◆ Input data:

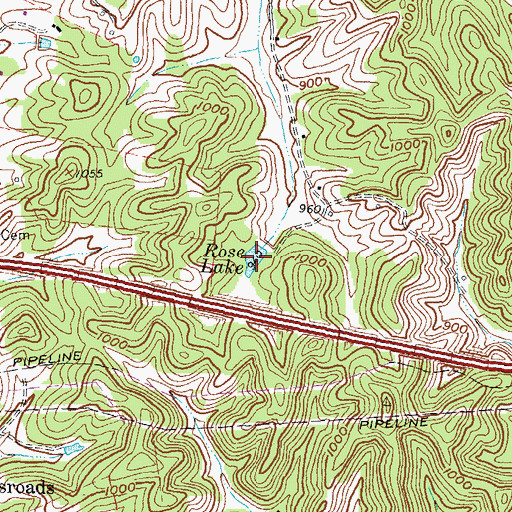 Topographic Map of Rose Lake, KY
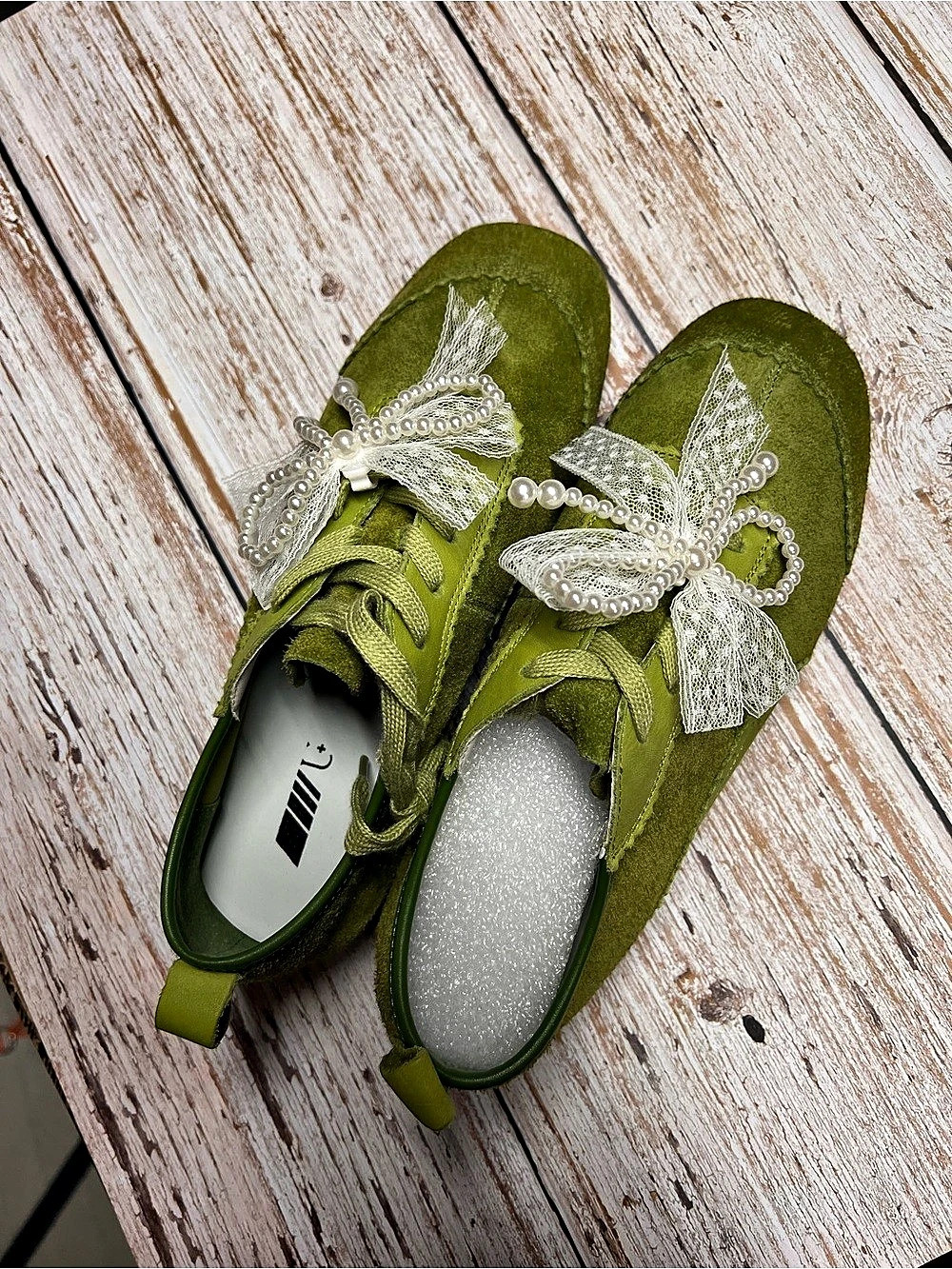 Green Butterfly Embellished Flats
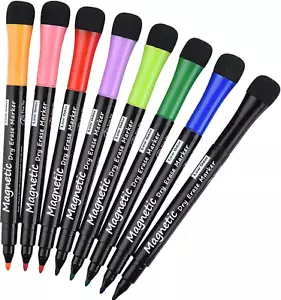 Magnetic Dry Erase Markers, (8 Pk) Dealkits Low Odor White Board Markers Whitebo - Picture 1 of 11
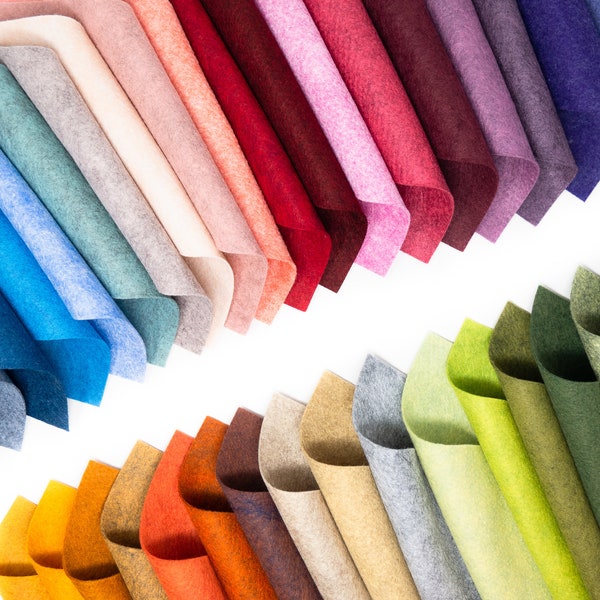 35 -  Heathered Colors Collection - Merino Wool blend Felt Sheets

◆ What the task asks: Transcribe the data word for word, with no images.

◆ Response to the task:
 Topographic Map of Rose Lake, KY
 Green Butterfly Embellished Flats
 Magnetic Dry Erase Markers, (8 Pk) Dealkits Low Odor White Board Markers Whitebo - Picture 1 of 11
 35 -  Heathered Colors Collection - Merino Wool blend Felt Sheets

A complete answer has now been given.